Funnels in VWO show the percentage of visitors who went on to complete the funnel and convert. It also shows the percentage of visitors who did not convert, distributed as drop-offs to the various preceding stages. VWO lets you visualize such visitor flows through a funnel which helps you identify drop-offs and subsequent areas of optimization. After setting up a funnel, you can analyze the data collected at each stage of the process and take corrective measures to improve the flow through the use of funnels.
To learn more about funnels, refer to this video.
A simple funnel for e-commerce industry may look like:
- A visitor clicks a recommended product on the home page
- Clicks Add to Cart
- Enters the billing information
- Proceeds to the payment page
Each of these steps can be treated as a goal that your visitor must perform to complete a purchase on your website. Tracking these as part of a funnel will help you get a complete picture of how visitors convert on the website and where they drop-off.
NOTE: You can set up funnels using a combination of page views or
different actions users take along their conversion journey
including click on a button and form submits.
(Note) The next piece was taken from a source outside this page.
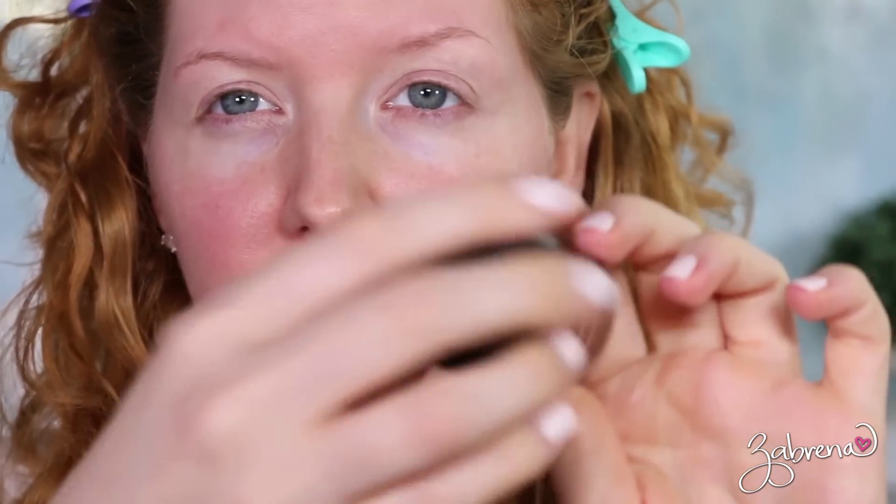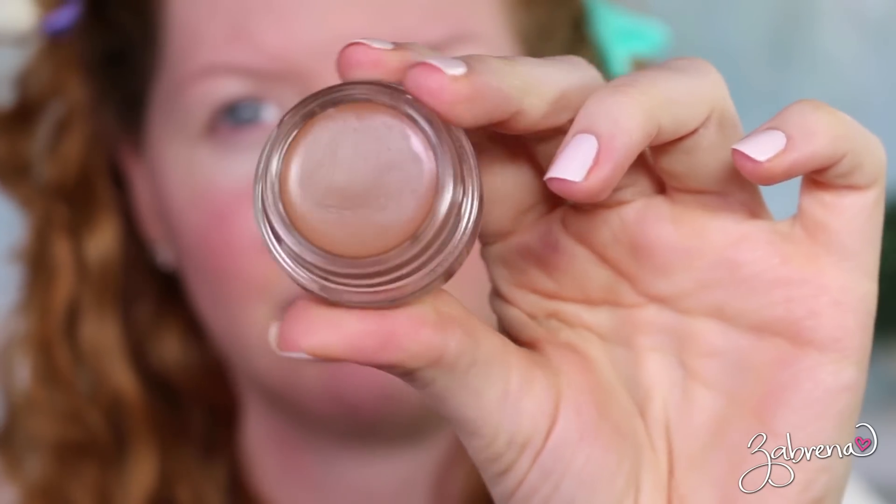First I'm going to apply an eyeshadow primer — I'm using the Revlon one, which I've been using a lot lately and really like. This is a very simplistic look because I want to keep most of the focus on the white eyeliner. I'm going to add a light wash of color using MAC Groundwork paint pot, a simple cream eyeshadow. Using the MAC 242 brush, I'm applying that lightly on the lids — you don't need much.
Using Funnels in VWO, you can:
- Filter your funnel report by creating an advanced custom segment using complex and/or and bracketing logic conditions, or choose from VWO’s predefined segments
- Use advanced filters to see visitors who travel through the funnel with a special condition such as- On a specific day of the week, during a specific hour of the day, Revenue generation over a certain limit
- Add Observations to your funnel reports with details about your understanding of visitor flow. Refer to these notes while building your pipeline of hypotheses for testing.
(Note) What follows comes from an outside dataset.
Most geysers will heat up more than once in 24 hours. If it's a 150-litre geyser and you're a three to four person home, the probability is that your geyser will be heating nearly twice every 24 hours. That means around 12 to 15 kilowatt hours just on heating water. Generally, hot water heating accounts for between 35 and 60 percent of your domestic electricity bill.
For Example, consider the funnel made of Goal A > Goal B > Goal C > Goal D.
- Visitors will become a part of the funnel only when they complete the first goal conversion (Goal A in our example). Next, the visitor converts Goal B, the second step of the funnel, and so on. To record a funnel conversion, the visitor must complete every funnel goal in a sequence. If visitors fail to complete a goal in the funnel, the conversion is not counted for the rest of their journey.
- The point where visitors drop off is considered from the last Goal that the visitor converted into the funnel.